Key Takeaways
- Strong outperformance of infrastructure versus global equities comes against a backdrop of rising rates, contracting balance sheets, limited fiscal response, elevated geopolitical risk and potentially slowing global growth.
- Energy infrastructure in North America led Strategy performance, driven by higher natural gas prices, while higher energy prices also drove greater focus on renewable energy utilities.
- Our base case is slowing growth and higher inflation in 2022; given this, and current valuation signals, we continue to transition the portfolio to less economically sensitive utility assets.
Market Overview
The ClearBridge Global Infrastructure Income Strategy trailed the S&P Global Infrastructure Index, which returned 7.27% for the quarter, while both handily outperformed global equities as measured by the MSCI All Country World Index (-5.36%).
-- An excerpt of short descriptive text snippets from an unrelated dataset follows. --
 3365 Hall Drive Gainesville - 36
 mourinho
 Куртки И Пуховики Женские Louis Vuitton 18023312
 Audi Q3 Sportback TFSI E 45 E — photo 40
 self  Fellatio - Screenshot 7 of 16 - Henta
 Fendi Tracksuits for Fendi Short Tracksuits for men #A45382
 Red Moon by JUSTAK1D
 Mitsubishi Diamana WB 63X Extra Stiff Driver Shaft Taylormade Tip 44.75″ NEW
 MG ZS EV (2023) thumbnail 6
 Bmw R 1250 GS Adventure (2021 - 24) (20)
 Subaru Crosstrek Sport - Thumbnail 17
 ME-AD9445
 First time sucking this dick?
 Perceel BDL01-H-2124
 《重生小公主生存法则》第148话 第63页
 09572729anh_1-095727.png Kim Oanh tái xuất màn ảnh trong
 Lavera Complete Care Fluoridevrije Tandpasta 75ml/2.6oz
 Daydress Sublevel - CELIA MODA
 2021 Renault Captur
Strong outperformance of infrastructure versus global equities comes against a backdrop of rising rates, contracting balance sheets, a fiscal response which is limited at this point in the cycle and, at the same time, elevated geopolitical risk and potentially slowing global growth. In this volatile environment, the characteristic stability of infrastructure — resilient cash flows, strong dividends growing well above inflation as well as the pass-through of inflation — came to the fore.
Portfolio Performance
On a regional basis, the U.S. and Canada were the top contributors to quarterly performance. Canadian energy infrastructure company Pembina Pipeline, U.S. energy infrastructure companies Williams Companies and Enbridge and U.S. renewables utility Brookfield Renewable were among the lead performers.
Pembina Pipeline provides transportation and midstream services for the energy industry in North America. The hiring of Scott Burrows as permanent CEO and Jaret Sprott as COO and reaffirmation of its corporate strategy boosted investor sentiment. Shares also rose amid a strong natural gas pricing environment, which caused midstream companies — such as Williams, which owns and operates natural gas pipelines and associated midstream assets in the U.S., and Enbridge, which owns and operates one of the largest oil and gas pipeline networks in North America — to continue to perform well.
Brookfield Renewable is a pure-play renewables operator and developer headquartered in Canada, focused on international hydro, solar, wind and storage technology. As more private and public institutions announce ambitious carbon reduction initiatives, Brookfield Renewable’s globally diversified, multi-technology renewables business makes it an attractive partner. Brookfield’s development pipeline stands at 18,000 MWs, providing confidence the company can meet its targeted double-digit cash flow growth through to 2025. The market narrative around the energy transition and energy security, along with increasing fossil fuels prices which have driven greater focus on switching to renewables, helped Brookfield shares in the quarter.
"Communications infrastructure remains attractive, as companies continue to deploy greater capital spend to support the strong tailwinds from 5G."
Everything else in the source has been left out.